Nechodom, a research scientist by training and former senior adviser on climate change in the U.S. Department of Agriculture, acknowledged the California Conservation Department was late in developing regulations for ‘fracking,’ but said the administration was moving forward with proposed rules that would make the state a leader in environmental protection and public health.
He was introduced by his wife, Secretary of State Debra Bowen.
‘When I arrived at the department a year ago, fracking had not been given its fair due,’ Nechodom told lawmakers. ‘I believe we have righted the ship and we are going in the right direction.’
Last month, oil regulators released draft regulations that would require energy companies to disclose for the first time the chemicals they inject deep into the ground to break apart rock and release oil.
Lawmakers, however, seized on a provision in the proposed rules that would allow oil companies to withhold disclosure of chemicals they claim to be proprietary. Nechodom said regulators were trying to strike a balance between public transparency and the state’s trade-secrets law, which he noted protects the recipes of products like Coca-Cola.
Legislators pushed back.
‘This is not Coca-Cola to me,’ said state Senate leader Darrell Steinberg (D-Sacramento). ‘How to differentiate the taste of Coca-Cola from Pepsi … is a very different question from whether or not the brew of chemicals that are injected into the ground might affect the health and safety of a community because of water supply contamination.’

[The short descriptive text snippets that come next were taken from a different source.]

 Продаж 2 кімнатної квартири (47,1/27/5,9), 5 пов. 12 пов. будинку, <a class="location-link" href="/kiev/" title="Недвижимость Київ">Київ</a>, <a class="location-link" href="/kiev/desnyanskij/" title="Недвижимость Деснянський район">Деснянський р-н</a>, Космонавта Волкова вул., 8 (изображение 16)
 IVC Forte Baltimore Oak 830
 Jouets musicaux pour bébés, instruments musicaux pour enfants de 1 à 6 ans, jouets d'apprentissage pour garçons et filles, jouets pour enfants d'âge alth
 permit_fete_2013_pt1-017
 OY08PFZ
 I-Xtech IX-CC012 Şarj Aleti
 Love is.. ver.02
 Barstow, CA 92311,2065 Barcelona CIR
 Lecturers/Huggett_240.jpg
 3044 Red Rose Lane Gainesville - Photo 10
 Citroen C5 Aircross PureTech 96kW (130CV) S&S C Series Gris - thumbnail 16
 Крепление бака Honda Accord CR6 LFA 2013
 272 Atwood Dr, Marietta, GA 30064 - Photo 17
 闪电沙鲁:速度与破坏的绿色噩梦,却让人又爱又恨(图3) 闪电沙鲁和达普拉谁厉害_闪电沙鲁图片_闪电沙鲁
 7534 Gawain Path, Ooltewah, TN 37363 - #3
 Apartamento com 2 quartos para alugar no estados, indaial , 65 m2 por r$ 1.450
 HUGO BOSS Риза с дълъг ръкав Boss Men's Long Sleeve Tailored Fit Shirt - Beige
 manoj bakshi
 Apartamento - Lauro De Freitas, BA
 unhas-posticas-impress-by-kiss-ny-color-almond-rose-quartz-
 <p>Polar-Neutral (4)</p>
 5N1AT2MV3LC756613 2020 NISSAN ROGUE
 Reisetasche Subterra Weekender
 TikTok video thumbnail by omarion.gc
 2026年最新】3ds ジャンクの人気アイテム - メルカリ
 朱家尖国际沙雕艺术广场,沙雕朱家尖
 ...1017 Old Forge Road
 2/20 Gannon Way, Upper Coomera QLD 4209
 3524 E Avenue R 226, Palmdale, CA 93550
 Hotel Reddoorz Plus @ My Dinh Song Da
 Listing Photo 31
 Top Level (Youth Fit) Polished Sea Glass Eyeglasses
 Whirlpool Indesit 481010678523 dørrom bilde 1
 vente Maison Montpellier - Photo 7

State Sen. Hannah-Beth Jackson (D-Santa Barbara) said the public deserved more disclosure.
‘We want to know the science,’ she said. ‘Maybe fracking isn’t a bad thing but the fact that we have been kept from knowing what is in this brew has created some real problems for the industry.’
Nechodom emphasized that regulators were at the beginning of a rulemaking process that could last more than a year. Disclosure and other issues, including permitting and oversight, will be subject to debate, he said.
Despite the heated questioning from lawmakers, representatives from environmental groups, as well as oil and mining companies, testified in support of Nechodom’s confirmation.
Steinberg, chairman of the Senate Rules Committee, ultimately offered conditional support and the committee approved the nominee, 5-0. The Democratic leader said he wanted Nechodom to respond to lawmakers’ concerns in writing before the full Senate takes up his confirmation on Monday.
‘I want written assurance that health and safety trumps all else, including trade secrets,’ Steinberg said.